DESCRIPTION OF THE TASK => Your output should be the lines from the one containing "Lanber Field Deluxe, 12ga, 28" through the last line below, both ends included, exactly as written and free of pictures.

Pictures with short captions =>
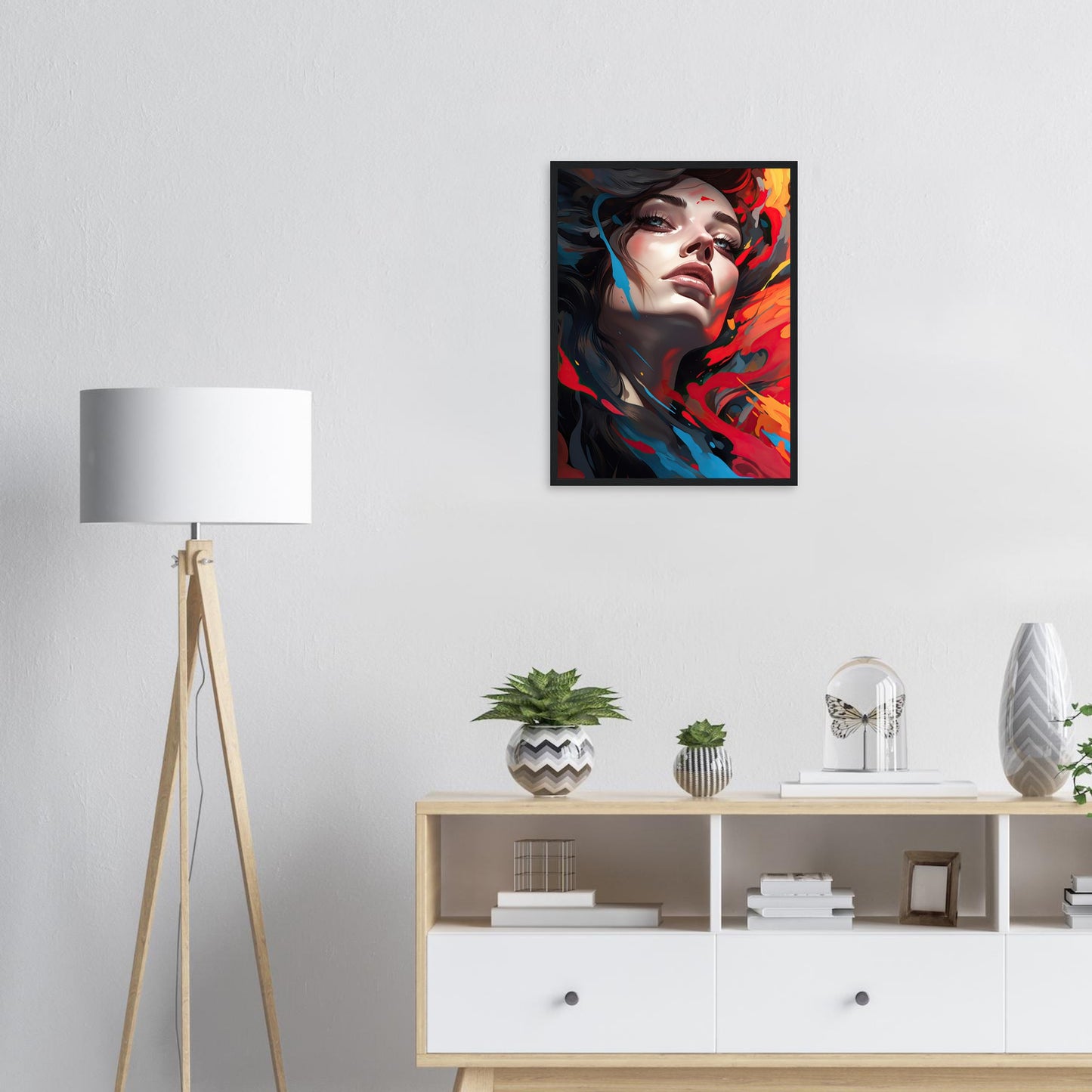 Irrational, Print Material - Stiers Beste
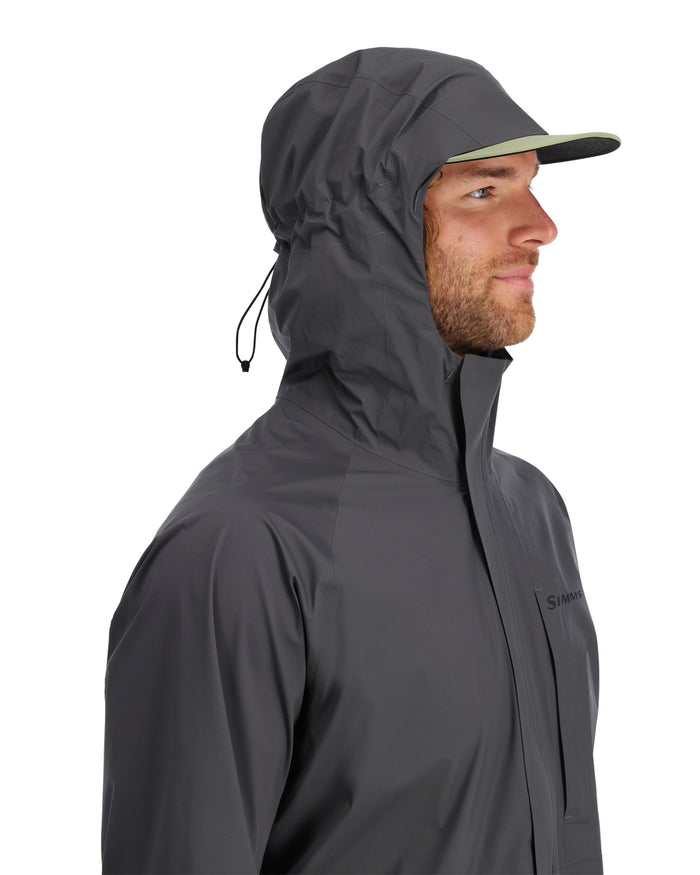 13676-096-waypoints-jacket-Model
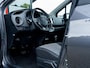Toyota Yaris 1.5 Hybrid Aspiration S Editon Limited | Camera | Stoelverwarming | Multimedia 7.2inch | Metallic Lak | Cruise Control | Climate Control | Lichtmetalen Velgen 15'' | All Season Banden | Keyless Entry | Keyless Start | Regen -en Lichtsensor |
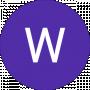 Wertigo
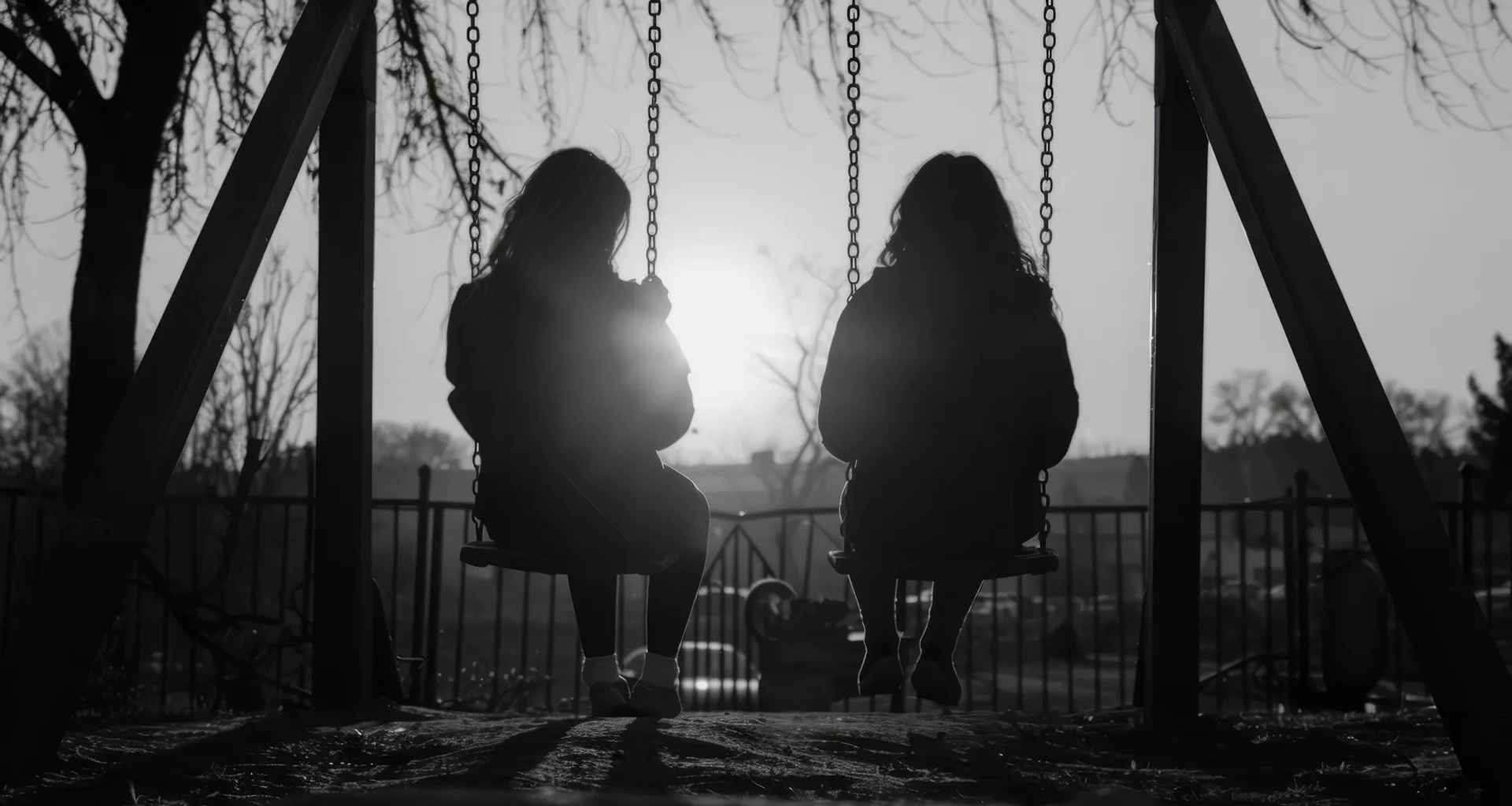 Rüyada arkadaşının öldüğünü görmek İslami ve psikolojik olarak nasıl tabir edilir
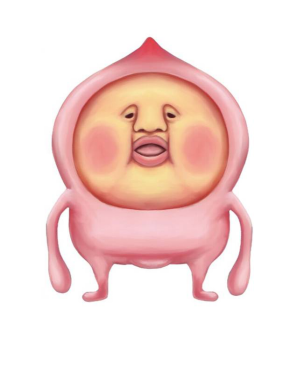 blob.png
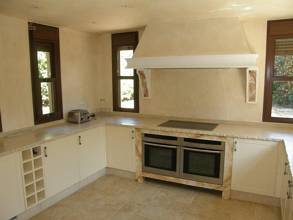 Thumbnail von villa for sale in - Carib Playa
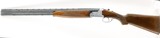 Lanber Field Deluxe, 12ga, 28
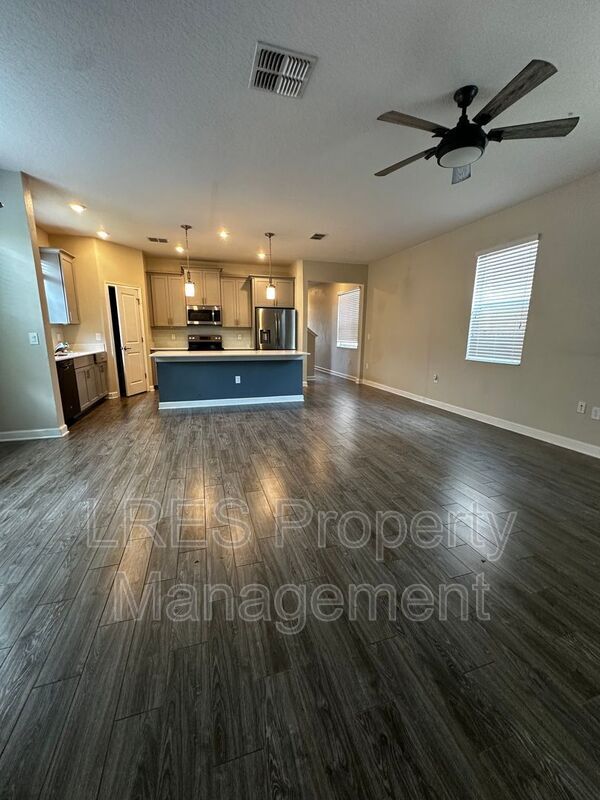 Photo - 11830 Philosophy Way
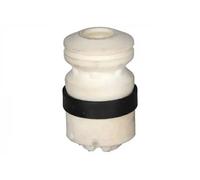 Tampone in gomma balestra Assale anteriore 26055 ORIGINAL IMPERIUM per FIAT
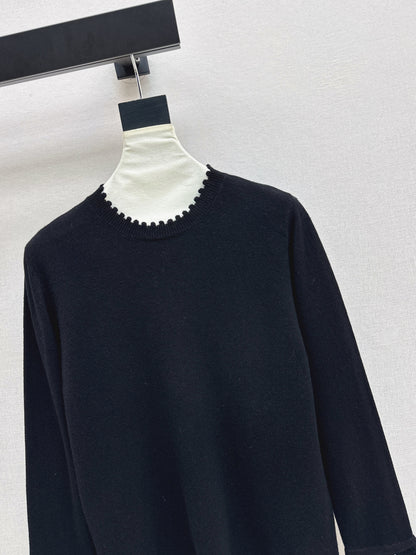 Chol 25fw base layer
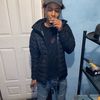 khris10_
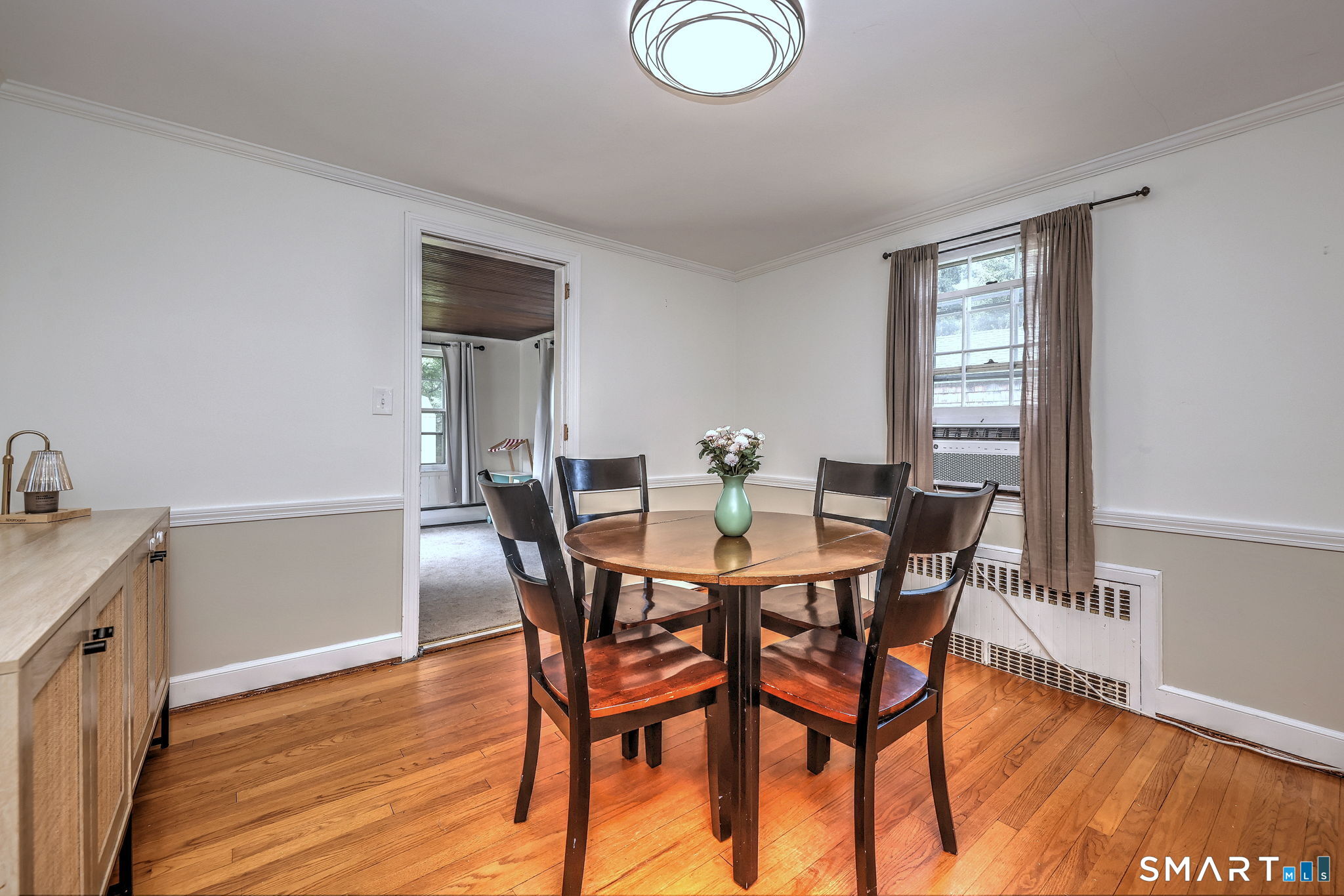 33 Elton Drive Newington CT 06111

TASK OUTPUT =>
 Lanber Field Deluxe, 12ga, 28
 Photo - 11830 Philosophy Way
 Tampone in gomma balestra Assale anteriore 26055 ORIGINAL IMPERIUM per FIAT
 Chol 25fw base layer
 khris10_
 33 Elton Drive Newington CT 06111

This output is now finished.